A mouthing is considered to be reduced when only some of its parts are visible, as in the DGS examples wi(chtig) ‘important,’ fer(tig) ‘ready,’ NGT aksp ‘accepteren = to accept’ or RSL sob(aka) ‘dog’ or Novosib(irsk) (Boyes-Braem, 2001, p. 104; Bank, 2014, p. 24; Bauer, 2019, p. 22).2 Not much research has been done on the use of reduced mouthings in different sign languages. Mesch and Schönström (2021) have shown that reduced mouthings are used much more often by deaf L1 signers than by L2 learners of Swedish Sign Language (STS). L2 signers tend to use full mouthings while signing. Ebbinghaus and Heßmann (1995) observed that, in DGS, reductions occurred more often for verbs than for nouns. They assume that a reduction of a German verb does not impair the understanding of the meaning in the same way that the reduction of a noun can. Johnston et al. (2016, p. 21) reported that 95% of mouthings in the Auslan corpus were fully articulated and less than 4% were reduced. The results for NGT appear to be mixed. While some signs, such as TALK, appear to be reduced in 80% of instances in the NGT corpus, other signs (e.g. PREVIOUS or HEARING) show a preference for the full two-syllable citation form (Bank et al., 2011, p. 261). What all reduced mouthings appear to have in common is that they are overwhelmingly initial segments of a lexical word of the surrounding spoken language. This means that only the first part of the corresponding word is visible3, as shown in (1–2). Mouthings may even be reduced to a single syllable or to a very short mouth movement mimicking articulation of only the first sound, as observed in RSL mouthings for ždu ‘wait’ or babuška ‘grandmother’ reduced to only ž or b respectively (also found in ISL, as reported by Mohr and Leeson, in press).

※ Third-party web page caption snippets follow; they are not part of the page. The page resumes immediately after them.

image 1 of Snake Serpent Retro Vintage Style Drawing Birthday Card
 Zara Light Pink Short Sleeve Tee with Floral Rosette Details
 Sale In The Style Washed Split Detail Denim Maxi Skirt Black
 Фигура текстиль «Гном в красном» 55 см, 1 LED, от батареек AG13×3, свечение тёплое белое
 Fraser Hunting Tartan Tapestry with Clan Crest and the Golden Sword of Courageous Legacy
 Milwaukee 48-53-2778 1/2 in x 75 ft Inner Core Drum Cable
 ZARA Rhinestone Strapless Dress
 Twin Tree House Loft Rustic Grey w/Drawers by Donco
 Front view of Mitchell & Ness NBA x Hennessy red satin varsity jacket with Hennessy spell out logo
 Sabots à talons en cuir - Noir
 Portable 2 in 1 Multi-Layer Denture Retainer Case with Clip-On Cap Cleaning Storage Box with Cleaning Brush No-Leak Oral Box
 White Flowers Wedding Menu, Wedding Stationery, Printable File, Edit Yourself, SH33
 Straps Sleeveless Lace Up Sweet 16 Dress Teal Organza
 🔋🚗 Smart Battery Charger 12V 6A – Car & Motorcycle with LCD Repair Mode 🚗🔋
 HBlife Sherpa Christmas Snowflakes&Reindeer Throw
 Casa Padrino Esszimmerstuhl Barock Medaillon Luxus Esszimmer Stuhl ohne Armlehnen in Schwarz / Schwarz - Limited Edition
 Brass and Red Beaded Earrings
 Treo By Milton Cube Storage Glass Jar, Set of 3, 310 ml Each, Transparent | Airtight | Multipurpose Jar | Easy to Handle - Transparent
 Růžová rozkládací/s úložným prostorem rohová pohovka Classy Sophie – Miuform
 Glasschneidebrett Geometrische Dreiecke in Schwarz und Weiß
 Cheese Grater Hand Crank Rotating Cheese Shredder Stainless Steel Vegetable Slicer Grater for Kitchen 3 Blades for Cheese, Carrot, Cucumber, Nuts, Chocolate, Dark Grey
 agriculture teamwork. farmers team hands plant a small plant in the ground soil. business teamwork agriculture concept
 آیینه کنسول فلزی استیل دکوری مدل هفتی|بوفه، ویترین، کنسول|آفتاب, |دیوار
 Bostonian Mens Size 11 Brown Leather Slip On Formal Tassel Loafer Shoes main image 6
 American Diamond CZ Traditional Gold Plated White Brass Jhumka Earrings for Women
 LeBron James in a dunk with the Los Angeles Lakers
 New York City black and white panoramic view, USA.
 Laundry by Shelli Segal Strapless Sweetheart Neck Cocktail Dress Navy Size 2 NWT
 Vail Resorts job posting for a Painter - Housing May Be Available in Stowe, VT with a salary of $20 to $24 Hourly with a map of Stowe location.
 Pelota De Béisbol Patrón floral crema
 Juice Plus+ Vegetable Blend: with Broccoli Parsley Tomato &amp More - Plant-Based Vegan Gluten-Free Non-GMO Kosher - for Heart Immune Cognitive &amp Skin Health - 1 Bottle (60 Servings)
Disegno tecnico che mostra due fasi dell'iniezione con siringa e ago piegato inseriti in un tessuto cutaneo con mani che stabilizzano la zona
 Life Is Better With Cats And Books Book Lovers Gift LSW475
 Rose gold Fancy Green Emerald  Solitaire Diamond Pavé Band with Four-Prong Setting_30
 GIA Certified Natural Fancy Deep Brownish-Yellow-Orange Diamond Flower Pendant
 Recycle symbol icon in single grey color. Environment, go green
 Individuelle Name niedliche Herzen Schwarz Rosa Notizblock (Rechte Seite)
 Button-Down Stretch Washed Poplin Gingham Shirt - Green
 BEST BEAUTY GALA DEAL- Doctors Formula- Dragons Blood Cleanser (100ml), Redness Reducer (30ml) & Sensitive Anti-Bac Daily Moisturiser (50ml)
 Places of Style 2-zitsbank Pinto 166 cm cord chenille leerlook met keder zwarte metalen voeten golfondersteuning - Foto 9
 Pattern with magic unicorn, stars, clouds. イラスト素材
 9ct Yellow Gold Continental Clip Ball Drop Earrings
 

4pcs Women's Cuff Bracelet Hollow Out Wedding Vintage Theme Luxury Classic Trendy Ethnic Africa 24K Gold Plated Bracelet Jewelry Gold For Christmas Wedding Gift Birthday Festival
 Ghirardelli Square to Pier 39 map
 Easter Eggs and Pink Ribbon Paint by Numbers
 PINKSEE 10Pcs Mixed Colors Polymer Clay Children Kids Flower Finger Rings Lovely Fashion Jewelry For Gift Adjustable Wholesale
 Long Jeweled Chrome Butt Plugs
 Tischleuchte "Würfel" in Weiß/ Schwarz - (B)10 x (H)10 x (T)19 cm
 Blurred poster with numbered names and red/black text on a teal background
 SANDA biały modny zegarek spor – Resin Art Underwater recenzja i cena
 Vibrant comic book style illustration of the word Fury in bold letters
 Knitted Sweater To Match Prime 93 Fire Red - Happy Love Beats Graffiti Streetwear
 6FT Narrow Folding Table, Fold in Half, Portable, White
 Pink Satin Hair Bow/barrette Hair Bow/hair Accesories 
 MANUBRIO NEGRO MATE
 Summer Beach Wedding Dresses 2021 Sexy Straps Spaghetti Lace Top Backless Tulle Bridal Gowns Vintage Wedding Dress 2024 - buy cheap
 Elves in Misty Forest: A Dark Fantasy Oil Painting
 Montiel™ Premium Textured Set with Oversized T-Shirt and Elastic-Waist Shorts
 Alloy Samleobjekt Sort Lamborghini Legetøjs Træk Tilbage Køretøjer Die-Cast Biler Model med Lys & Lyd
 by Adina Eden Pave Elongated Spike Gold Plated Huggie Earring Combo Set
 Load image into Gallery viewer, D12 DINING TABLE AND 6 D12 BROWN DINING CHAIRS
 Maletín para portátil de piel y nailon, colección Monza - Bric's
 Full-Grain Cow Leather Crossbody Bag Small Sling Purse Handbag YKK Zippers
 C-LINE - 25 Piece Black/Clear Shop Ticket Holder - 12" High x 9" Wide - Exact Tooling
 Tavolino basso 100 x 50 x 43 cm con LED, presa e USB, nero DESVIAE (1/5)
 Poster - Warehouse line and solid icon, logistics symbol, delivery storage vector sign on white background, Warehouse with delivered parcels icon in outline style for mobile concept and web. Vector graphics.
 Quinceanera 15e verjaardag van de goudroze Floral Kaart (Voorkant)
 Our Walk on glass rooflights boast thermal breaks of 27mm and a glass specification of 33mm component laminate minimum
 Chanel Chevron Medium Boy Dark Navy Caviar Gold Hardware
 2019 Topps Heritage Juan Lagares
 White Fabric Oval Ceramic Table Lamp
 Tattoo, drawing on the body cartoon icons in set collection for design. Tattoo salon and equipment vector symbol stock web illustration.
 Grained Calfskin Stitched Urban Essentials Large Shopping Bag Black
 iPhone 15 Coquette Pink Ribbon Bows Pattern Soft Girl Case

Sandler and Lillo-Martin (2006, p. 105) have argued that reduced mouthings conform to the rhythm of the monosyllabic form of the co-occurring manual sign, while Bank et al. (2011) have shown that unstressed syllables are reduced more often than are stressed ones. All mouthings in the latter study’s analyzed NGT data contained stressed syllables. The authors therefore suggest that temporal reduction typically happens in the form of deleting word-final consonants, while reasoning that signers have knowledge of the rhythmic structure of Dutch words (ibid.: 264). Although the authors did not give a detailed explanation of how this happens, the hypothesis appears to be plausible. Stressed syllables are usually longer and more strongly articulated and with less vowel reduction than are unstressed syllables (Grice and Baumann, 2007). This entails that the stressed part of the spoken-language item is the most visible one to the interlocutor during lip reading. By recognizing the stressed syllable, signers can perceive the rhythmic structure of spoken words. Given this state of affairs, the phenomenon of reduced mouthings calls for more research. RSL lends itself well to verification of the stressed syllable hypothesis by Bank et al. (2011). In Russian, the stress can occur in various positions within a word. This means that the stress is distinctive, i.e. two words can be distinguished based only on their stress pattern. Additionally, due to the vowel reduction phenomenon in spoken Russian, vowel quality varies greatly depending on whether a vowel occurs in a stressed or an unstressed syllable (Yanushevskaya and Bunčić, 2015). Section “New insights into the origin of mouthings” of this article evaluates the above claims and gives answers as to which parts of the respective spoken words are typically articulated in RSL mouthings and explains how this finding may yield insight into the origin of mouthings.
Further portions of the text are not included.